This project looks very cool - I've been trying to build something similar in a few different ways (https://github.com/simonw/denobox is my most recent attempt) but this is way ahead of where I've got, especially given its support for shell scripting.

I'm sad about this bit though:

> Python code is MIT. The WASM binary is proprietary—you can use it with this package but can't extract or redistribute it separately.

Thanks Simon! Denobox looks very cool: Deno's permissions model is a natural fit for this.

On the licensing: totally fair point. Our intention is to open source the WASM too. The binary is closed for now only because we need to clean up the source code before releasing it as open-source. The Python SDK and capability layer are MIT. We wanted to ship something usable now rather than wait. Since the wasm binary runs in wasmtime within an open source harness, it is possible to audit everything going in and out of the wasm blob for security.

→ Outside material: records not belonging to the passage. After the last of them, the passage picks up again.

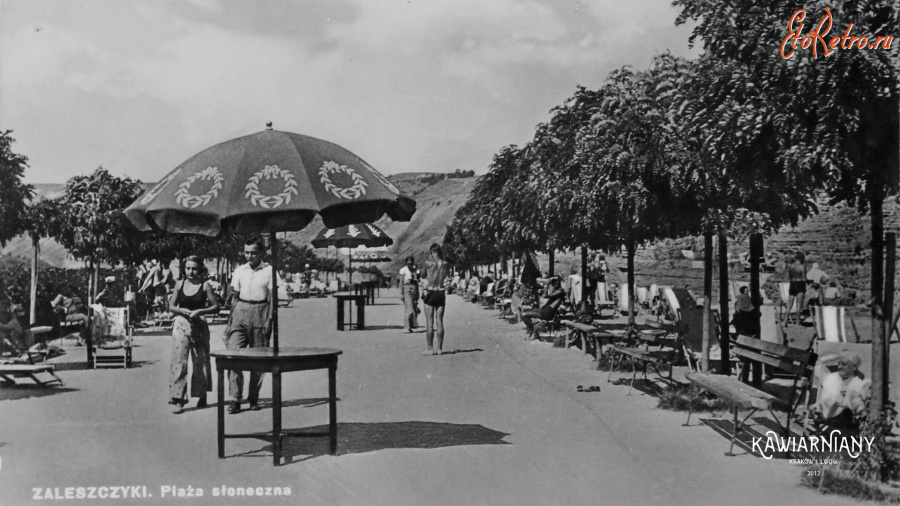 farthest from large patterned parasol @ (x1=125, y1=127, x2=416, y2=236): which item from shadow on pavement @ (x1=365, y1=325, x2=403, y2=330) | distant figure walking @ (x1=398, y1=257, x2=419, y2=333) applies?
shadow on pavement @ (x1=365, y1=325, x2=403, y2=330)

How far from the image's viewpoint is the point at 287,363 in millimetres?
6723

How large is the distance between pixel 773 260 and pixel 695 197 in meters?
25.7

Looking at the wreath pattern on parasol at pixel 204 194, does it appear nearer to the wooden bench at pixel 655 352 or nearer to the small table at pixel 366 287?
the wooden bench at pixel 655 352

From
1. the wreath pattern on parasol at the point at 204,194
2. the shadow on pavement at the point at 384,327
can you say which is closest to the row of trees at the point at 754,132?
the wreath pattern on parasol at the point at 204,194

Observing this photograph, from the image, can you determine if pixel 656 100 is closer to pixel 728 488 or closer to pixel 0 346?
pixel 728 488

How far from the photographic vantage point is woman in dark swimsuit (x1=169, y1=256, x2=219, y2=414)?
9383mm

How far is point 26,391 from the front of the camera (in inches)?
423

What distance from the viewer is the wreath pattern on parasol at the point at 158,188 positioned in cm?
703

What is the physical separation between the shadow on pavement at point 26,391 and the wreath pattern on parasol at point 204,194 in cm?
487

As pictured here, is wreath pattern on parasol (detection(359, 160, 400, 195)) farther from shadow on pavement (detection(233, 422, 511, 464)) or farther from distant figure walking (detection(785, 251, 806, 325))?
distant figure walking (detection(785, 251, 806, 325))

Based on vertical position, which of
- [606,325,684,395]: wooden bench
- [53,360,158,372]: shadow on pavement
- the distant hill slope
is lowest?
[53,360,158,372]: shadow on pavement

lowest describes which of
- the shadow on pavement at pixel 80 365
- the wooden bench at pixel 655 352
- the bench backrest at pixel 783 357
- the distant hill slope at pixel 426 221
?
the shadow on pavement at pixel 80 365

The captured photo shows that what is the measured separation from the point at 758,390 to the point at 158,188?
5.44 metres

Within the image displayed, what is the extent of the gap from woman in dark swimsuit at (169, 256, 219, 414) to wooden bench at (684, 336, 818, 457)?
5022 millimetres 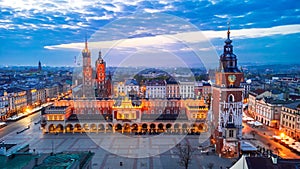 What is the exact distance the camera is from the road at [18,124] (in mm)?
38069

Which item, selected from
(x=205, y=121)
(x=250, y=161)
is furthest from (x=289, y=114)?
(x=250, y=161)

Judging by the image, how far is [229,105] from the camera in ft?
89.5

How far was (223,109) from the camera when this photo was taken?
27375 millimetres

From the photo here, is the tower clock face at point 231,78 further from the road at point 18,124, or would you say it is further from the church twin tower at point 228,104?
the road at point 18,124

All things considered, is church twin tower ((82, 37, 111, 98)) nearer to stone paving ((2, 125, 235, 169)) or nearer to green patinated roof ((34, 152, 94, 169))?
stone paving ((2, 125, 235, 169))

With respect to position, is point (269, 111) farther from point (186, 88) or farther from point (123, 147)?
point (186, 88)

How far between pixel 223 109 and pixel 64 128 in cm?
2272

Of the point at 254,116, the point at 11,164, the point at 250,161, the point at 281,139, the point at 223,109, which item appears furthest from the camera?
the point at 254,116

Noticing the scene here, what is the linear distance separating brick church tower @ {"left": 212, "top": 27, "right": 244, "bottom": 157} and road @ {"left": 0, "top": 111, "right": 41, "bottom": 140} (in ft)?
94.6

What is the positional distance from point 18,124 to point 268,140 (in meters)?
37.6

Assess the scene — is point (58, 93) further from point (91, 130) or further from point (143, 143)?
point (143, 143)

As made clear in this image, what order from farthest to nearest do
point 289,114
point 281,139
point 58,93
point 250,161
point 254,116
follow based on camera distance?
point 58,93 → point 254,116 → point 289,114 → point 281,139 → point 250,161

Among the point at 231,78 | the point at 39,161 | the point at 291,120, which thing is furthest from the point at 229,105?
the point at 39,161

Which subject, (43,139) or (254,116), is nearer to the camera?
(43,139)
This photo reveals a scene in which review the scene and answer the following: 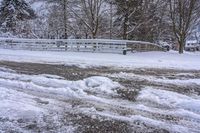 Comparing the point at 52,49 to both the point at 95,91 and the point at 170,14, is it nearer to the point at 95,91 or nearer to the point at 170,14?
the point at 170,14

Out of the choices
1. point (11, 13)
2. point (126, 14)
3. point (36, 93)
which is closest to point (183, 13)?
point (126, 14)

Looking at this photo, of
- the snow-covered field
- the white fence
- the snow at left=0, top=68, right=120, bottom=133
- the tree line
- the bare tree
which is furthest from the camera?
the bare tree

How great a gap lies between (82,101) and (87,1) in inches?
973

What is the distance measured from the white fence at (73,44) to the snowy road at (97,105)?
13.9m

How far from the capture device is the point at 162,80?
37.3 feet

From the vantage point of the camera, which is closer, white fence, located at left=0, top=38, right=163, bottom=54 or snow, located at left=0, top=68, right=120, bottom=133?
snow, located at left=0, top=68, right=120, bottom=133

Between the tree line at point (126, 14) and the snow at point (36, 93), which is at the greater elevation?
the tree line at point (126, 14)

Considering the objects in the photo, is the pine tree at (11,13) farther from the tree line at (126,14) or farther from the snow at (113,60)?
the snow at (113,60)

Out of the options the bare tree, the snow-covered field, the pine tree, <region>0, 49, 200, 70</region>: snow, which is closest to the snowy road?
the snow-covered field

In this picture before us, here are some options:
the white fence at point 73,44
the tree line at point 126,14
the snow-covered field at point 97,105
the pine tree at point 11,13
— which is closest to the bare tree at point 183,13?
the tree line at point 126,14

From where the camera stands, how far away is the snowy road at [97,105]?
606 centimetres

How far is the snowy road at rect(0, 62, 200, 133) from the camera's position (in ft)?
19.9

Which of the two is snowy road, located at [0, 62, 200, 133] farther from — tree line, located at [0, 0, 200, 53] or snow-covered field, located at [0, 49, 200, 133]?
tree line, located at [0, 0, 200, 53]

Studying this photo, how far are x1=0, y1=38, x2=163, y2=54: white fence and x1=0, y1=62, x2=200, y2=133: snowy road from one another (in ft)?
45.5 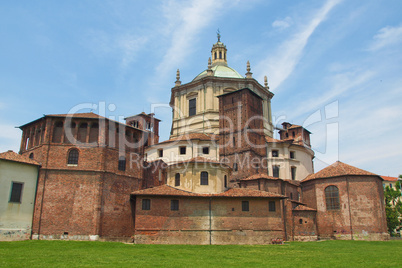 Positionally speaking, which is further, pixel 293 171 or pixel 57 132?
pixel 293 171

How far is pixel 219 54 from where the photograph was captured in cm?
5744

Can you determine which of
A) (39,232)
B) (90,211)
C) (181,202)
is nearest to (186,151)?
(181,202)

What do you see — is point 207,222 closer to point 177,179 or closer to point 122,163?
point 177,179

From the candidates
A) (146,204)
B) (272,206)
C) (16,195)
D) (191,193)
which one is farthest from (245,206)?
(16,195)

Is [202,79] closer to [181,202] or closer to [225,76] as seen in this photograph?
[225,76]

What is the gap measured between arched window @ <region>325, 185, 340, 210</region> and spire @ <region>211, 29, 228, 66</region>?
2606 cm

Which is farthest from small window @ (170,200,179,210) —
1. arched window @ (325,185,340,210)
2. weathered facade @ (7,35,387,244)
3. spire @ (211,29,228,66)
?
spire @ (211,29,228,66)

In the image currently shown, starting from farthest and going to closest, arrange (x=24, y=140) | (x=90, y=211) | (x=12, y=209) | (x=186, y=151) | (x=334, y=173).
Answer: (x=186, y=151) → (x=334, y=173) → (x=24, y=140) → (x=90, y=211) → (x=12, y=209)

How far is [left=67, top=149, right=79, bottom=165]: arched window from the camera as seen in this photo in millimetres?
31156

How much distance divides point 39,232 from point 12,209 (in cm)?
273

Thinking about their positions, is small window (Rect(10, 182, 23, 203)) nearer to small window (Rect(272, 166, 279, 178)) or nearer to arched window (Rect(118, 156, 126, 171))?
arched window (Rect(118, 156, 126, 171))

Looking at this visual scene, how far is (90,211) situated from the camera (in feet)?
97.6

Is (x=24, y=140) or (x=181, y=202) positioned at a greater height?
(x=24, y=140)

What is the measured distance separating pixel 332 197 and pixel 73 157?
26.3 meters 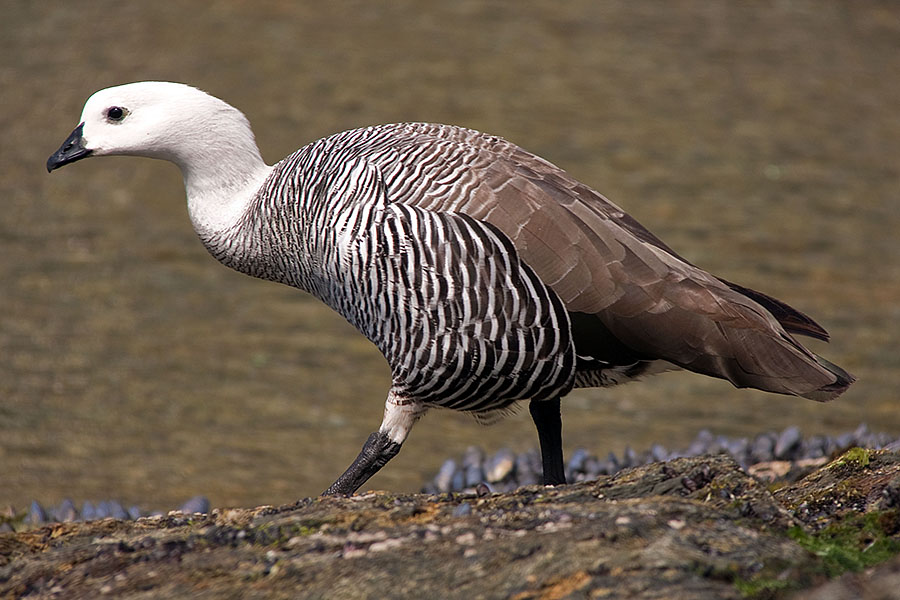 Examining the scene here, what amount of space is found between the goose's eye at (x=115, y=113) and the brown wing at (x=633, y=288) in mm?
1718

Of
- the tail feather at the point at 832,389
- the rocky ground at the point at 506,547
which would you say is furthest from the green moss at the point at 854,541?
the tail feather at the point at 832,389

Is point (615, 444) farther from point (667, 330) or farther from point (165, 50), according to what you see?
point (165, 50)

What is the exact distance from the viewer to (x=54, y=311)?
10695 millimetres

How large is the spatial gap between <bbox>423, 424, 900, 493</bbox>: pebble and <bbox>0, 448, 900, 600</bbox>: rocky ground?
121 inches

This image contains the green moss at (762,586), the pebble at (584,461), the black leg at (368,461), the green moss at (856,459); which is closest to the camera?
the green moss at (762,586)

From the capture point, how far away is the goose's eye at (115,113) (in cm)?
573

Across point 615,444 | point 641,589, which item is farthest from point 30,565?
point 615,444

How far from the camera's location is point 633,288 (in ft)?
16.2

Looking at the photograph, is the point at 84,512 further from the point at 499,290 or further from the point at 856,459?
the point at 856,459

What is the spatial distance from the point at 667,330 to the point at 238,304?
276 inches

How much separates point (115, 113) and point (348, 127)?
8.38m

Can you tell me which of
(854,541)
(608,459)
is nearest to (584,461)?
(608,459)

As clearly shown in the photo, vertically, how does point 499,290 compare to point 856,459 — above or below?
above

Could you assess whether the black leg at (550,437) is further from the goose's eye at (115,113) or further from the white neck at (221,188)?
the goose's eye at (115,113) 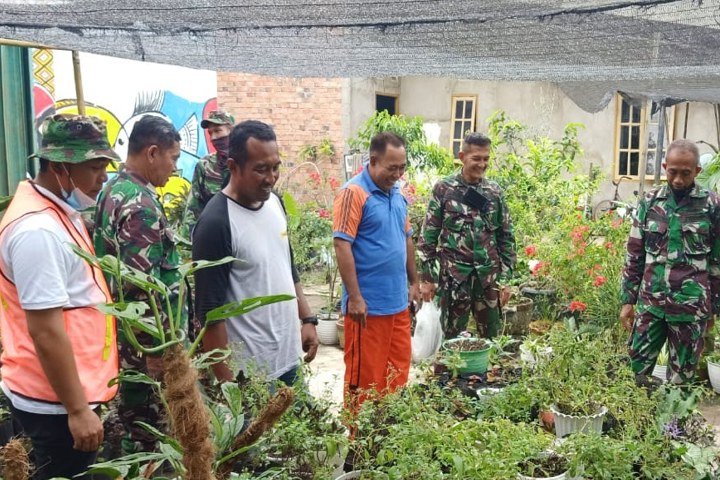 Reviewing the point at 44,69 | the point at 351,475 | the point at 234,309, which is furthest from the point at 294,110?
the point at 234,309

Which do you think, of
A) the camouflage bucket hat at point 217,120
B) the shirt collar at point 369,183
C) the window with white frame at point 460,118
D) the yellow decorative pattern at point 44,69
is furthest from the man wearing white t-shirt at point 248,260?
the window with white frame at point 460,118

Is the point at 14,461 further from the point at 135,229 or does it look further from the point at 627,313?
the point at 627,313

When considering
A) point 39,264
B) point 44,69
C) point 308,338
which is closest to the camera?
point 39,264

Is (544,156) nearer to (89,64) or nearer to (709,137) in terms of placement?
(89,64)

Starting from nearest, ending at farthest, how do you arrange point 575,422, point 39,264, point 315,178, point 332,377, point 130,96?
point 39,264 < point 575,422 < point 332,377 < point 130,96 < point 315,178

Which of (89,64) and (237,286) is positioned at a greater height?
(89,64)

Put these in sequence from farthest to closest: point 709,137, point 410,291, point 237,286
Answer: point 709,137
point 410,291
point 237,286

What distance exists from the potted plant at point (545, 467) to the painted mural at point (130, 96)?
197 inches

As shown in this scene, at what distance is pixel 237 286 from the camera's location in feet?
9.53

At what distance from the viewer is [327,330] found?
6.84 metres

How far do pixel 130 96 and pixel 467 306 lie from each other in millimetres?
5401

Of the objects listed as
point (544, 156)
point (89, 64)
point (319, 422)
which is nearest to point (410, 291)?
point (319, 422)

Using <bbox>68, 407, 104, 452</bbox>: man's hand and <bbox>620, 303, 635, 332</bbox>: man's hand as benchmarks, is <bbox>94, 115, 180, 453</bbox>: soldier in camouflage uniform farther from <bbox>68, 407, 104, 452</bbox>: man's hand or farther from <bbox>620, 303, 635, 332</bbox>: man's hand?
<bbox>620, 303, 635, 332</bbox>: man's hand

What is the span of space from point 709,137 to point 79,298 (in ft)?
44.5
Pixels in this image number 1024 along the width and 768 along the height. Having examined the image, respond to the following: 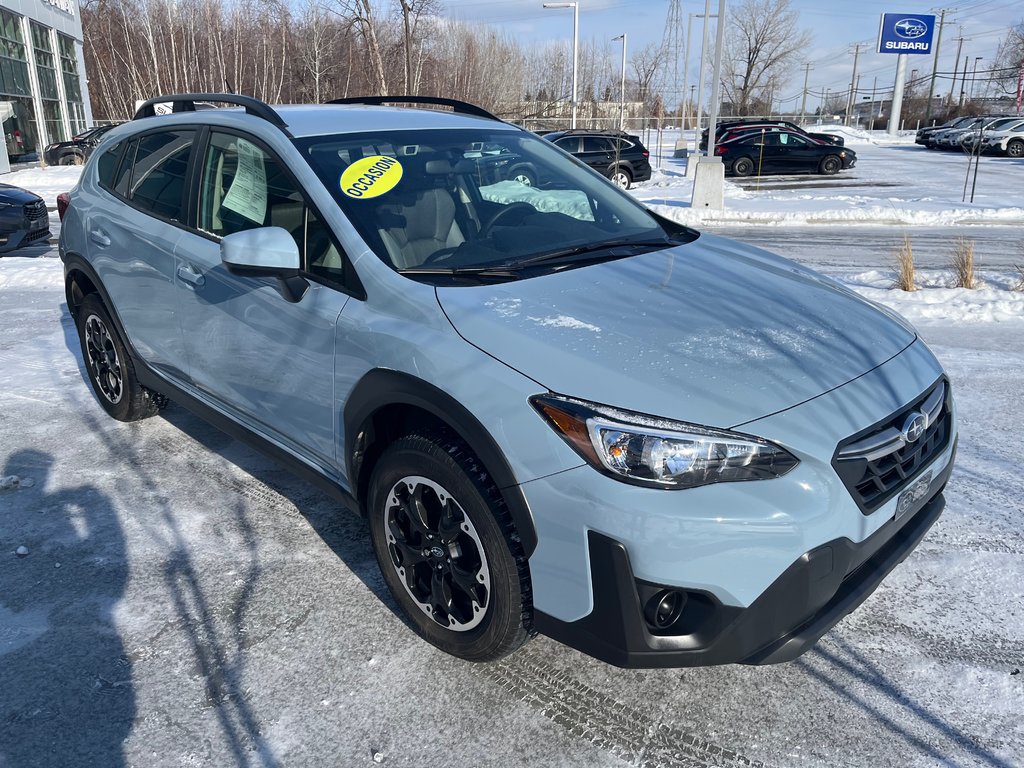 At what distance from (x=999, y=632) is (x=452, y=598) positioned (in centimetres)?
197

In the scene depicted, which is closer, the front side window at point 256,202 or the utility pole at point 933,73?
the front side window at point 256,202

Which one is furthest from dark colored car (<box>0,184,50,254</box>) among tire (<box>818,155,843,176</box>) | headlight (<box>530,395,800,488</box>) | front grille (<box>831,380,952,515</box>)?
tire (<box>818,155,843,176</box>)

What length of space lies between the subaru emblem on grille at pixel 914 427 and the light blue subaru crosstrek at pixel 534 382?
0.03ft

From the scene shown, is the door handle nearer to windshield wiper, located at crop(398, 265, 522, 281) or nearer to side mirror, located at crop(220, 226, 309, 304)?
side mirror, located at crop(220, 226, 309, 304)

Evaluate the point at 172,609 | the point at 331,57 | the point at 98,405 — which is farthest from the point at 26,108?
the point at 172,609

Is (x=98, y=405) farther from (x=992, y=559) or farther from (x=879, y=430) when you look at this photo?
(x=992, y=559)

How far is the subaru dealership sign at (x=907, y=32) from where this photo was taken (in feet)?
148

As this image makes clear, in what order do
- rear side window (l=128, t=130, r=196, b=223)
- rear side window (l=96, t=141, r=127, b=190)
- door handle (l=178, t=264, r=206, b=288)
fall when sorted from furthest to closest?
rear side window (l=96, t=141, r=127, b=190)
rear side window (l=128, t=130, r=196, b=223)
door handle (l=178, t=264, r=206, b=288)

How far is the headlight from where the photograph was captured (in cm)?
210

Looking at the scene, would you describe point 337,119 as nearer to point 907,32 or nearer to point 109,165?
point 109,165

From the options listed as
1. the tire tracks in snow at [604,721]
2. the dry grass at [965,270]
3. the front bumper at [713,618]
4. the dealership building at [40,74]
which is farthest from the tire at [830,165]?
the dealership building at [40,74]

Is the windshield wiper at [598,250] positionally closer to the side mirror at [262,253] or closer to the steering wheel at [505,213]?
the steering wheel at [505,213]

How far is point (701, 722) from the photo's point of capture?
2.42m

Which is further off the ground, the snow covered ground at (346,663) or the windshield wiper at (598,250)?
the windshield wiper at (598,250) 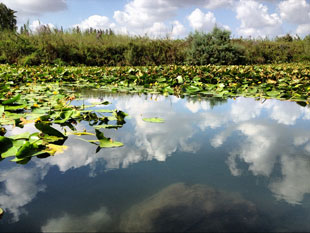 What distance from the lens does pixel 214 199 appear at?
3.38 ft

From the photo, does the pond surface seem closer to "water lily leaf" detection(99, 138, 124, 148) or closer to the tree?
"water lily leaf" detection(99, 138, 124, 148)

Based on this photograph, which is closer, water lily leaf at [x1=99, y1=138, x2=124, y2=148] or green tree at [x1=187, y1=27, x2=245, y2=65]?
water lily leaf at [x1=99, y1=138, x2=124, y2=148]

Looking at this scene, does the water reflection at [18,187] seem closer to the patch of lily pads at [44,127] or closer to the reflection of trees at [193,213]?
the patch of lily pads at [44,127]

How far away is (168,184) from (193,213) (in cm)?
23

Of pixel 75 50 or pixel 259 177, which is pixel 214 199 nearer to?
pixel 259 177

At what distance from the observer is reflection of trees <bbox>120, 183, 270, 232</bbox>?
0.87 m

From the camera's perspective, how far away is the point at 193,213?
3.06 ft

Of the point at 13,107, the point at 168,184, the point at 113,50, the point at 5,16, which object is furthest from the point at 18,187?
the point at 5,16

Genuinely open to feedback on this. If the split license is a blocker for your use cases, that's useful signal for us.

  • That's great to hear. The split license is a blocker for me because I build open source tools for other people to use, so I need to be sure that all of my dependencies are things I can freely redistribute to others.

I posted this elsewhere in the thread, and don't want to spam it everywhere (or take away from Amla!), but you might be interested in eryx [1] - the Python bindings [2] get you a similar Python-in-Python sandbox based on a WASI build of CPython (props to the componentize-py [3] people)!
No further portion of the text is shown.